What does the DirectoryComparer class do? What is it's responsibility? From my point of view (which is a C++ programmer's view) it looks like you'd be better off with just using a free function, but I don't think that you can have free functions in C#, can you? I guess you will collect the files which are different in the DirectoryComparer object. If so, you could better create something like an array of files or an equivalent class that's named accordingly.
If you are working with C#, you could use extension methods to create a method for comparing 2 directories that you would attach to the build in DirectoryClass, so it would look some thing like:
Directory dir1 = new Directory("C:\.....");
Directory dir2 = new Directory("D:\.....");
DirectoryCompare c = dir1.CompareTo(dir2);
This would be much clearer implementation.
More on extension methods here.
If an operation may take an unknown amount of time, it is an operation you might want to export into a different thread (so your main thread won't block and can do other things, like showing a spinning progress indicator for example).

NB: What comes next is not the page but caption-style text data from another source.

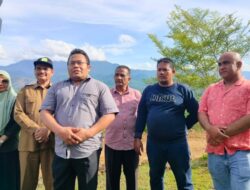 Zulkifli Adam Takjub Kunjungi Glee Madat Lampakuk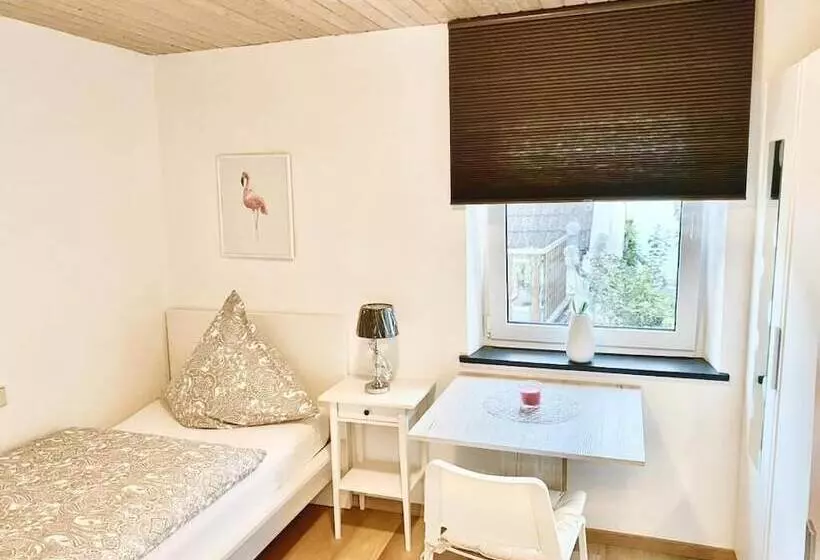 Majatalo Haus Leipheim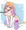看板娘ラクガキ
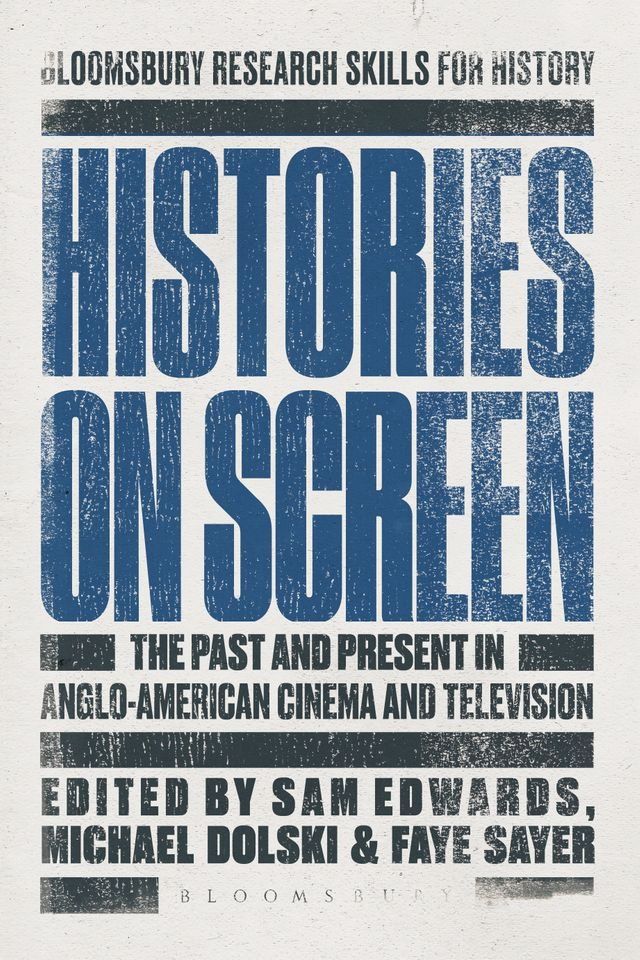  Histories on Screen(Kobo/電子書)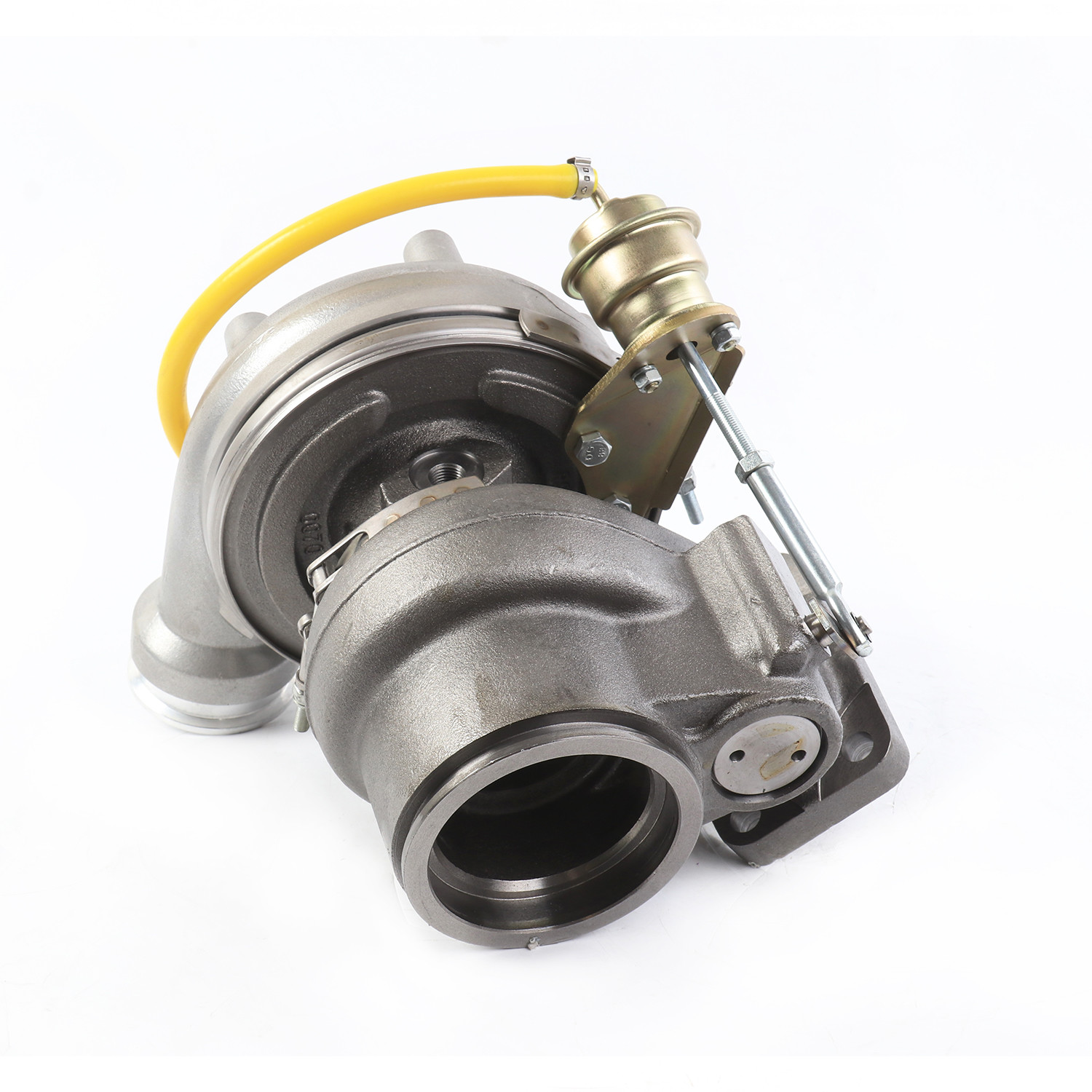 04911207 B2G D8K Diesel Engine Turbocharger For Volvo EC350D EC350B Excavator Spare Parts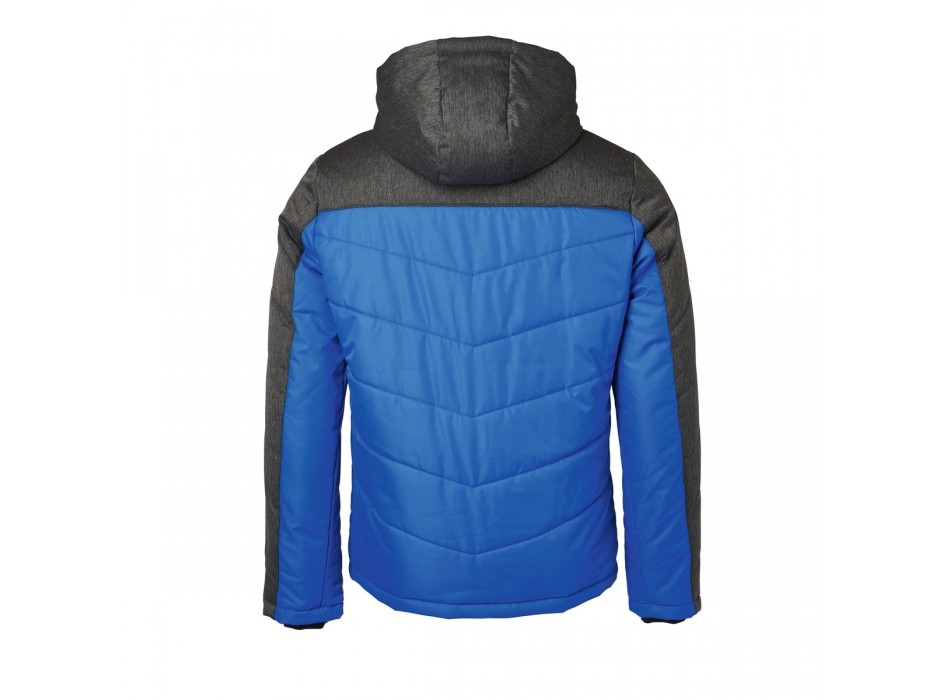 Men's Winter Jacket 100% P FullGadgets.com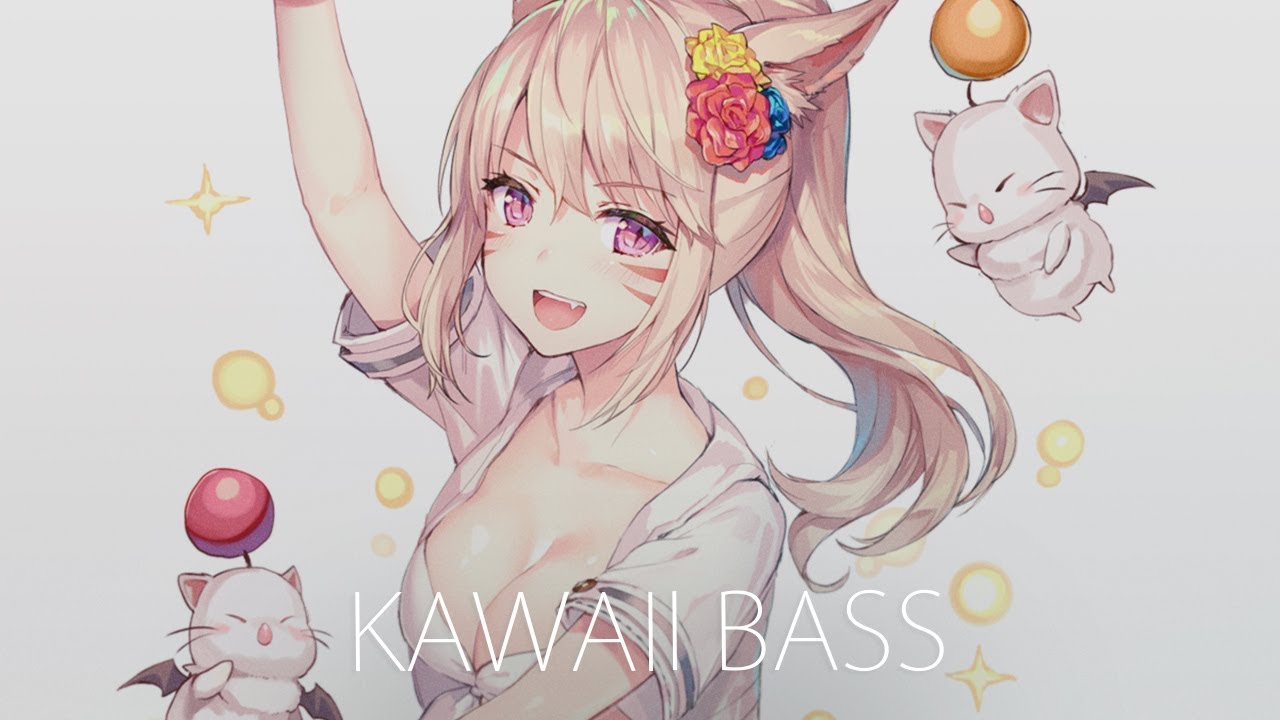 Moe House - Luv Luv Petit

Other apps may not want to do this, they may want everything within a single thread (e.g. those that have no UI). Moving object creation to a separate thread is a bit awkward IMHO. I'd prefer to create the object (quickly) in my current thread and then just let a method of it run within another thread and once the method finished running, the other thread can die and I can grab the result of this method in my current thread by using another method of the object before dumping the object, since I'm happy as soon as I know the result (or keeping a copy if the result involves more details I may have to consume one at a time).
If the arguments are just going to be processed once then I don't think they belong as either constructor arguments or instance state.
If however the comparison service is going to support some kind of suspendable algorithm or you want to notify listeners when the equality state of two directories changes based on filesystem events or something like that. Then ther directories is part of the instance state.
In neither case is the constructor doing any work other than initializing an instance. In case two above the algorithm is either driven by a client, just like an Iterator for example, or it's driven by the event listening thread.
I generally try to do things like this:
Don't hold state in the instance if it can be passed as arguments to service methods.
Try to design the object with immutable state.
Defining attributes, like those used in equals and hashcode should allways be immutable.
Conceptualy a constructor is a function mapping an object representation to the object it represents.
By the definition above Integer.valueOf(1) is actually more of a constructor than new Integer(1) because Integer.valueOf(1) == Integer.valueOf(1).
,
In either case this concept also means that all the cosntructor arguments, and only the constructor argument, should define the equals behavior of an object.
I would definitely do the second.
Long actions in a constructor are fine if they are actually building the object so it is usable.
Now one thing that I see people do in constructors is call virtual methods. This is BAD since once someone uses you as a base class and overrides one of those functions you will call the base class's version not the derived class once you get into your constructor.
I don't think that talking about abstract terms like "lengthy" have anything to do with the decision if you put something in an constructor or not.
A constructor is something that should be used to initialize an object, a method should be used to "do something", i.e. have a function.